Saskia-Oosterbroek / decona

fastq to polished sequenses: pipeline suitable for mixed samples and long (Nanopore) reads
MIT License
41 stars 12 forks source link

use primer information to rotate sequences? #33

Open Kirk3gaard opened 2 years ago

Kirk3gaard commented 2 years ago

Hi Saskia

I tried to run your tool and it seems to do a really good job (even with just racon #31). The sequences clearly have better BLAST hits than the raw reads!

Related to #20 I came to think about whether it would be useful to have the primer sequences included to make sure that the output sequences would be in the expected/same orientation.

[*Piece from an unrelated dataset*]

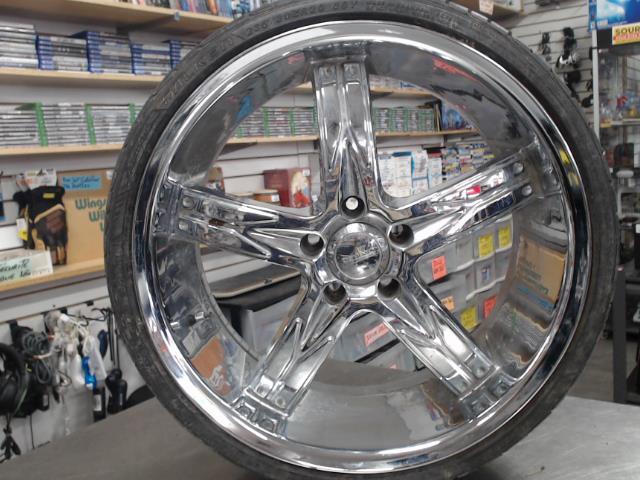 Mags 20''+tire(5x115)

Custom primer trimming might also be a great addition to your workflow as I expect many people will use your approach with a broad selection of primer combinations.

Best regards Rasmus

Kirk3gaard commented 2 years ago

Code for doing something like this using cutadapt could be: INPUTREADS=reads.fastq THREADS=10 FPRIMER="AGRRTTYGATYHTDGYTYAG" RPRIMER="YCNTTCCYTYDYRGTACT" MIN_LENGTH=1500 MAX_LENGTH=4000 ERRORRATE=0.1

cutadapt \ --cores $THREADS \ --untrimmed-output $TMPDIR/untrimmed.fastq \ -e $ERRORRATE \ -m $MIN_LENGTH \ -M $MAX_LENGTH \ -a $FPRIMER...$RPRIMER \ $INPUTREADS > data/$NAME.trimmed.fastq

Reverse/complement untrimmed and trim again

seqtk seq -r $TMPDIR/untrimmed.fastq |\ cutadapt \ --cores $THREADS \ --untrimmed-output $TMPDIR/untrimmed2.fastq \ -e $ERRORRATE \ -m $MIN_LENGTH \ -M $MAX_LENGTH \ -a $FPRIMER...$RPRIMER - >> data/$NAME.trimmed.fastq

Saskia-Oosterbroek commented 2 years ago

Thanks Rasmus!

I'll be working on this :)